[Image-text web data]
━━━━━━━━━━━━━━━━━━━━
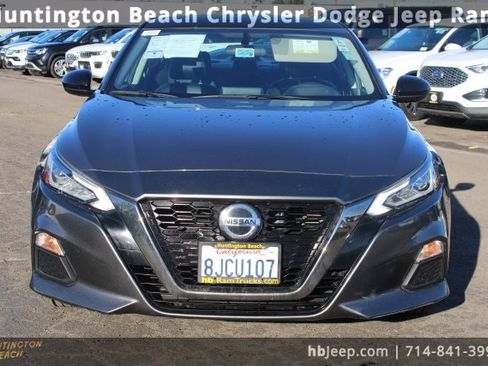 Used 2019 Nissan Altima 2.5 SR image 2
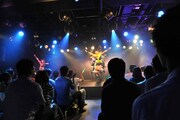 AKIBAカルチャーズ劇場での初ライブを行うアップアップガールズ（仮）。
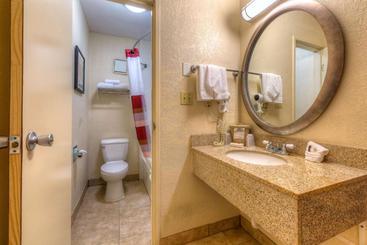 هتل Red Roof Inn Tulsa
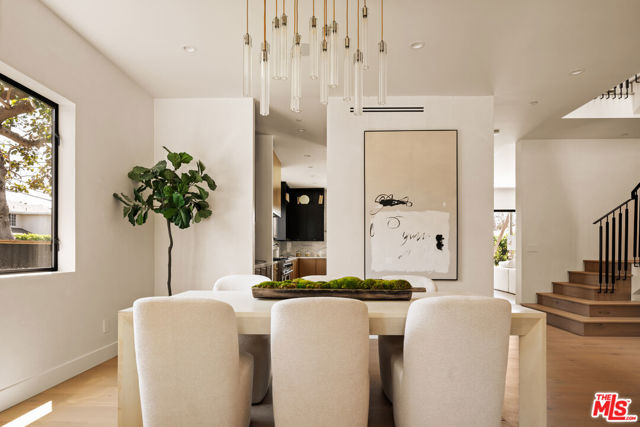 7543 Denrock Avenue, Los Angeles CA: https://media.crmls.org/mediaz/9dd7a43d-b531-46ed-8f74-e5f867efb8fe.jpg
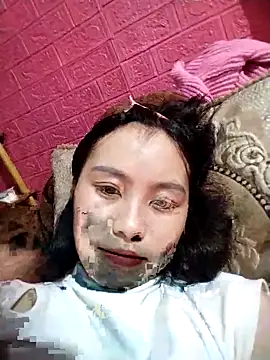   Sasulq   online show from November 10, 2025, 11:09 am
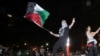 美国首都乔治·华盛顿大学的学生挥舞巴勒斯坦旗帜，庆祝攻破警方防线。（美联社2024年4月29日）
━━━━━━━━━━━━━━━━━━━━
→ **ACTION ITEM**
Copy out the entries above in full and exactly, skipping every picture.

→ **EXERCISE ANSWER**
 Used 2019 Nissan Altima 2.5 SR image 2
 AKIBAカルチャーズ劇場での初ライブを行うアップアップガールズ（仮）。
 هتل Red Roof Inn Tulsa
 7543 Denrock Avenue, Los Angeles CA: https://media.crmls.org/mediaz/9dd7a43d-b531-46ed-8f74-e5f867efb8fe.jpg
   Sasulq   online show from November 10, 2025, 11:09 am
 美国首都乔治·华盛顿大学的学生挥舞巴勒斯坦旗帜，庆祝攻破警方防线。（美联社2024年4月29日）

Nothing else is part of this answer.